Arcelormittal 

È parecchio tempo che mi riprometto scrivere e informare i miei lettori su le voci  (e qualcosa più che “voci”),su questo gigante dell’ acciaio, che sarebbe molto vicino a entrare nell’Ilva.Il referente della società è Mr.Mittal,capostipite della famiglia indiana Mittal.Qualche anno fa,Mr Mittal,con grande uso di stampa e televisione,in Francia, per entrare nelle acciaierie di Florange ( strategiche per la Francia un po’come i cantieri Stx recentemente noti).Mr Mittal si fece accreditare fin alla Presidenza della Repubblica,con abbondanza di profferte e garanzie industriali.Nella vicenda entro’ una importante girandola di Survalori azionari.
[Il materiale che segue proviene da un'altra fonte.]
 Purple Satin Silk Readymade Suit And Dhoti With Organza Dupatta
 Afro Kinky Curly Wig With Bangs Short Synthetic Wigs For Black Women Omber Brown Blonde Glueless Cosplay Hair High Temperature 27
Florange fu assorbita da Mittal e in breve tempo tutte le promesse rutilanti si spensero malinconicamente  (contribuendo al declino politico di Sarkozy e paradossalmente anche di Hollande).Intanto i valori su le borse internazionali della Arcelormittal rendevano somme colossali,con vecchie signore che “portavano”i loro soldi ad un radioso Mittal.Altra “fortunata”avventura di poco nello stesso periodo,avviene in Senegal,apertura di uffici mega,offerte magnifiche per lo sfruttamento delle ricche miniere di ferro, addirittura “garantendo “la costruzione di una necessaria ferrovia,ovviamente i senegalesi erano radiosi per il numero di posti di lavoro  (musica per il governo, ovviamente! ) Io fui tacciato di “pessimismo”e “insensibilità “(sic).Nello stesso periodo si svolgeva pari pari qualcosa di simile nella vicina Guinea Conakry(con altri attori,ne ho parlato in un altro post ) . Per fortuna i senegalesi-più prudenti dei cugini di Conakry-posero la buona “condizione”-Vedere Soldi dare Cammello! ! improvvisamente i progetti si Rivelarono TROPPO COSTOSI e si spensero le luci  (anche in quel caso un buon margine venne dalle borse! ).Personalmente non adoro i sindacati  (anche se ne apprezzo il ruolo -solo in ambito di lavoro-) ma penso che dovrebbero darsi un occhiata,dopo i problemi Ilva meglio un tantino. …di cautela? !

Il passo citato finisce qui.